GSK – Malaria vaccine candidate has demonstrated efficacy over 3-4 years of follow-up

GSK – Malaria vaccine candidate has demonstrated efficacy over 3-4 years of follow-up
24 April 2015
– Final results from Phase III trial suggest substantial public health benefits could be provided by the RTS,S malaria vaccine candidate in endemic regions in sub-Saharan Africa
– Vaccine efficacy enhanced by administration of a booster dose

Final results from a large-scale Phase III trial of the RTS,S malaria vaccine candidate, including the impact of a booster dose, published today in The Lancet, show that the vaccine candidate helped protect children and infants from clinical malaria for at least three years after first vaccination.

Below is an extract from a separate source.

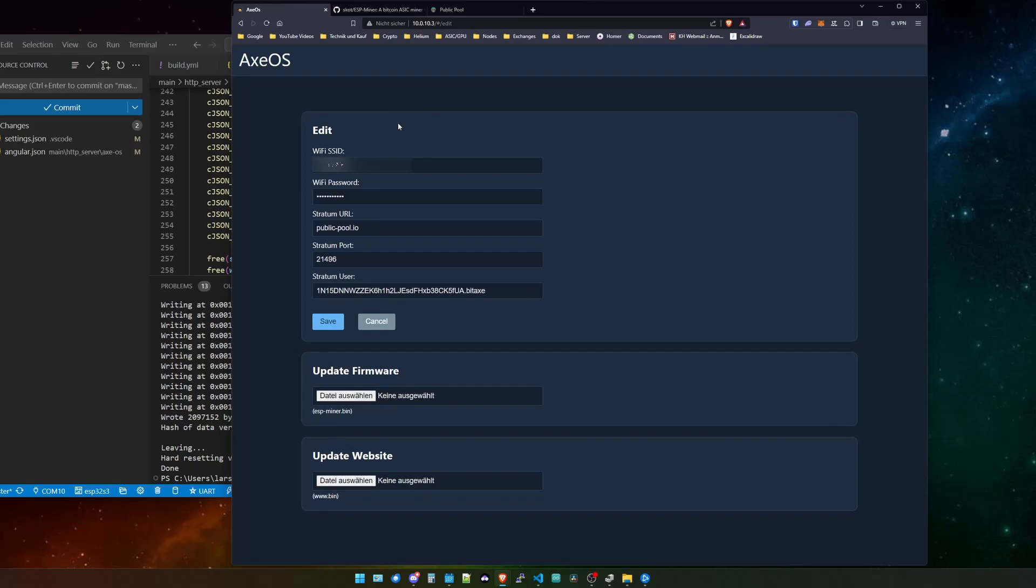There's one thing that we are missing and I will quickly switch over to the edit section. As you can see over here we can set up our Wi-Fi and we can set up our stratum pool or the stratum URL and our username. But what we cannot do is actually configure the BitX from the Web UI. And this is what has been changed on the current newest update.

The latest results demonstrated that vaccination with RTS,S, followed by a booster dose of RTS,S administered 18 months after the primary schedule, reduced the number of cases of clinical malaria in children (aged 5-17 months at first vaccination) by 36% to the end of the study1 (over an average follow-up of 48 months across trial sites) and in infants (aged 6-12 weeks at first vaccination) by 26% to the end of the study (over an average follow-up of 38 months across trial sites). Efficacy decreased over time in both age groups. Without the booster dose, the 3-dose primary schedule reduced clinical malaria cases by 28% in children and 18% in infants to the study end. The efficacy of RTS,S was evaluated in the context of existing malaria control measures, such as insecticide treated bed nets, which were used by approximately 80% of the children and infants in the trial.

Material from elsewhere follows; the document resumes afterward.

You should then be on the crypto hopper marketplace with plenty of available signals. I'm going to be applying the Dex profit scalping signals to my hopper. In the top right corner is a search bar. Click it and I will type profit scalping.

For children in the 5-17 month age category who received a booster dose 18 months after the primary schedule, an average of 1,774 cases of clinical malaria were prevented for every 1,000 children vaccinated across the trial sites, over an average of 48 months of follow-up. For infants aged 6-12 weeks at first vaccination with RTS,S, who received a booster dose, 983 cases of clinical malaria, on average, were prevented for every 1,000 infants vaccinated across trial sites over an average of 38 months of follow-up. More cases were averted in areas of higher malaria transmission. In the absence of a booster dose, 1,363 cases of clinical malaria were prevented, on average, for every 1,000 children aged 5-17 months at first vaccination and 558 cases for every 1,000 infants aged 6-12 weeks at first vaccination to the end of the study.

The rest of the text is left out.